**What you should do**
What you write must be the lines from the one holding "INFLATABLE BOAT PRO" through the final line of the records below, reproduced exactly, minus the pictures.

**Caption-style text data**
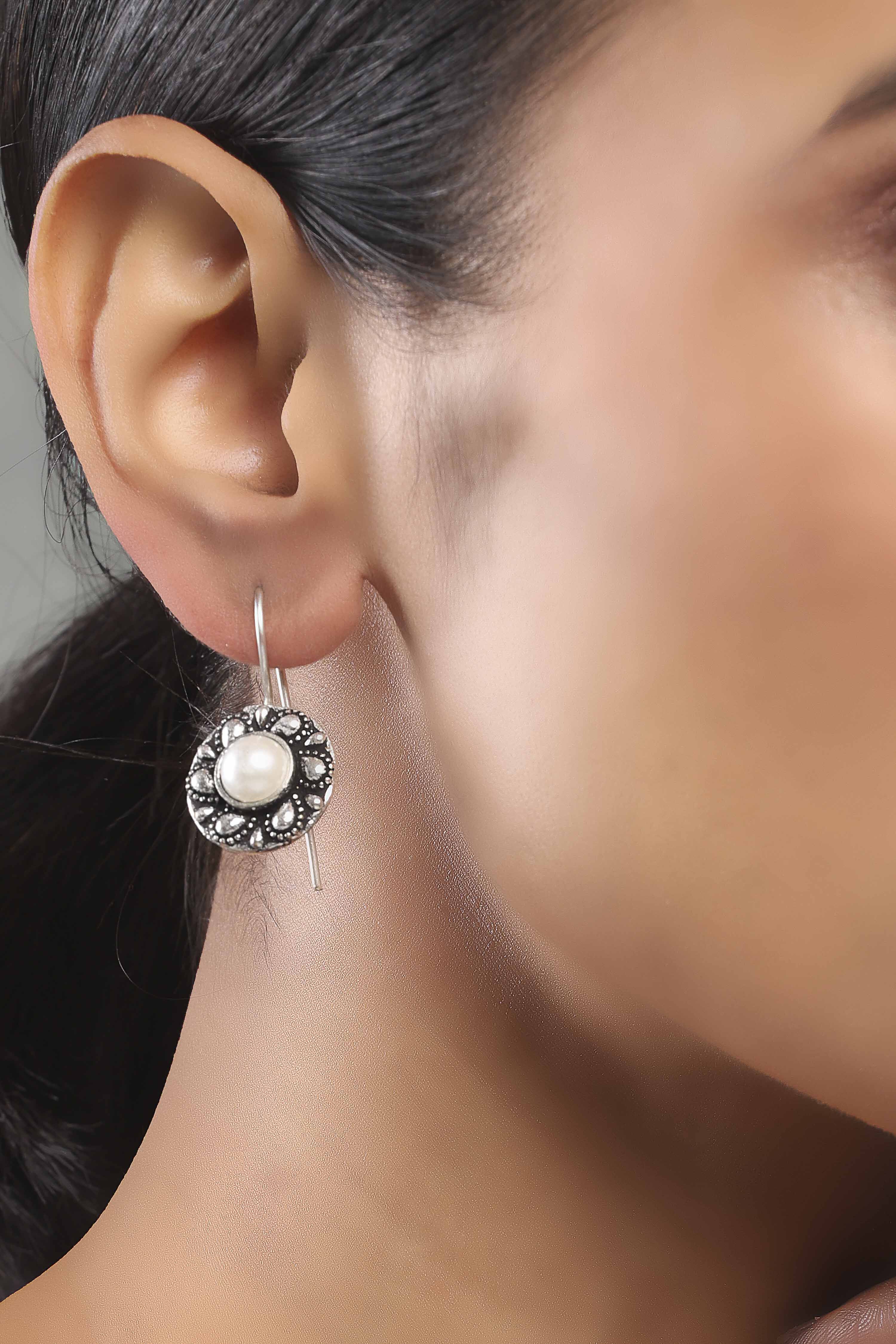 Pearl Brass Drop & Danglers image number 1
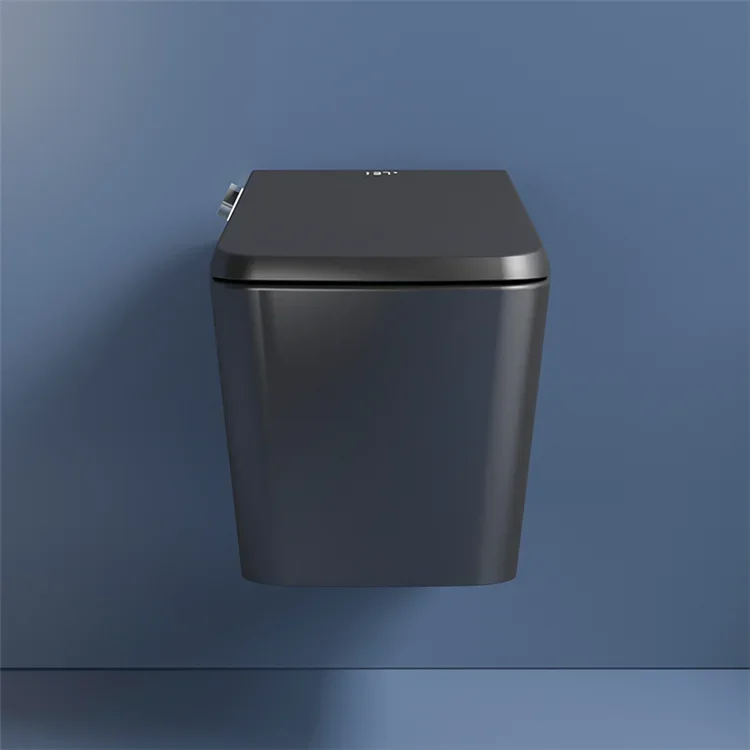 -Modern Bathroom Accessories Ceramic Sanitary Ware WC Rimless Gravity Flushing Wall Hung Toilet Bidet Bathroom Smart Toilet
-Modern Bathroom Accessories Ceramic Sanitary Ware WC Rimless Gravity Flushing Wall Hung Toilet Bidet Bathroom Smart Toilet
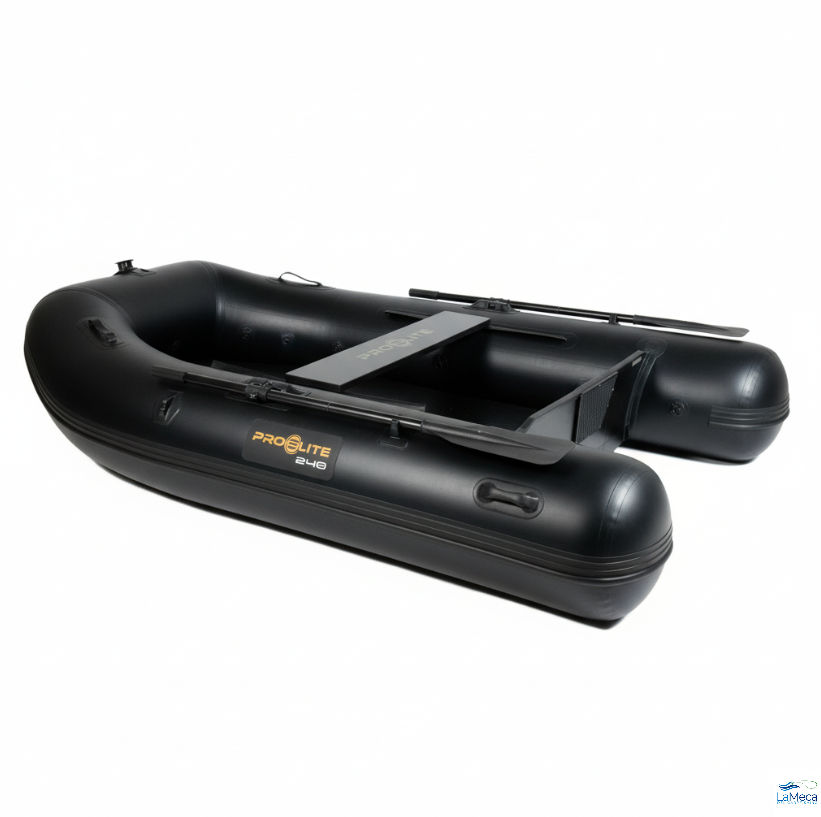 INFLATABLE BOAT PRO ELITE BAITS BLACK (durable fabric 1mm) – 2,40 m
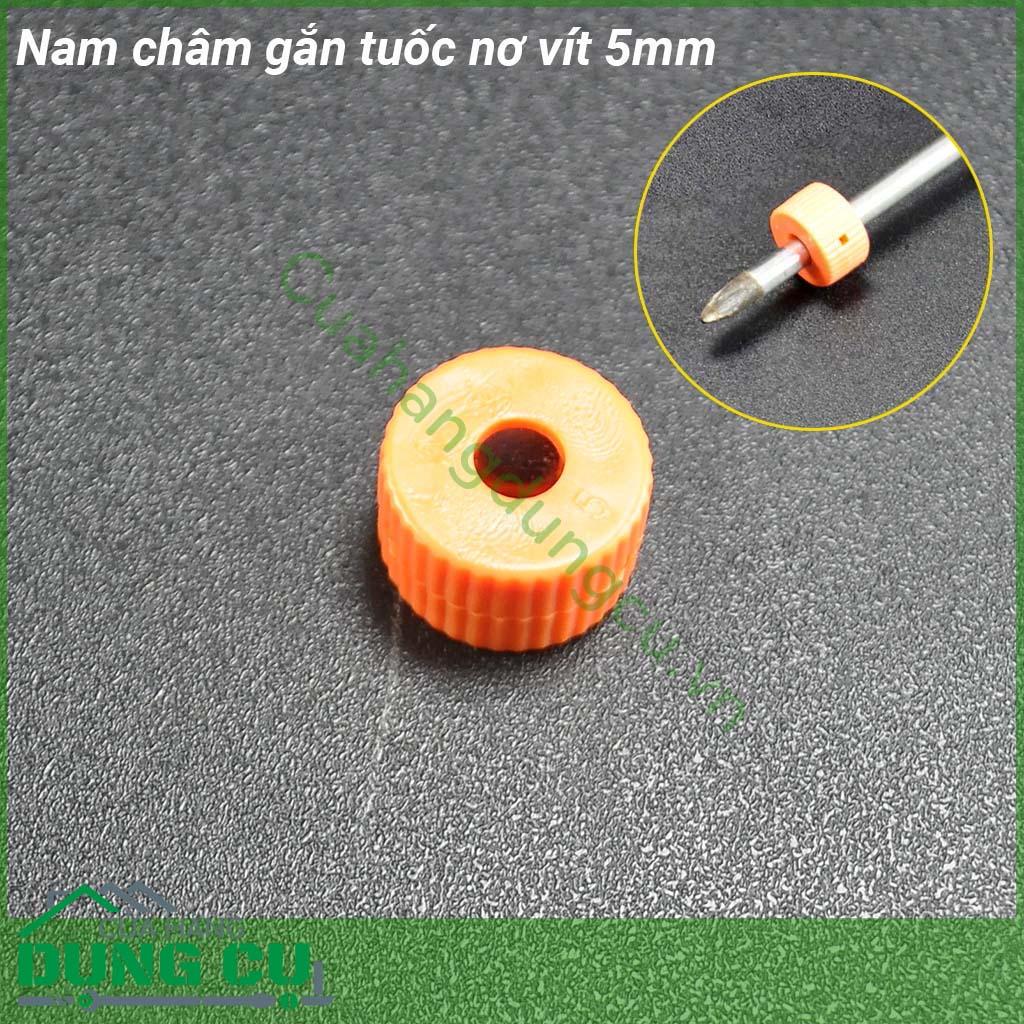 Nam châm gắn tô vít 5mm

**Solution below**
 INFLATABLE BOAT PRO ELITE BAITS BLACK (durable fabric 1mm) – 2,40 m
 Nam châm gắn tô vít 5mm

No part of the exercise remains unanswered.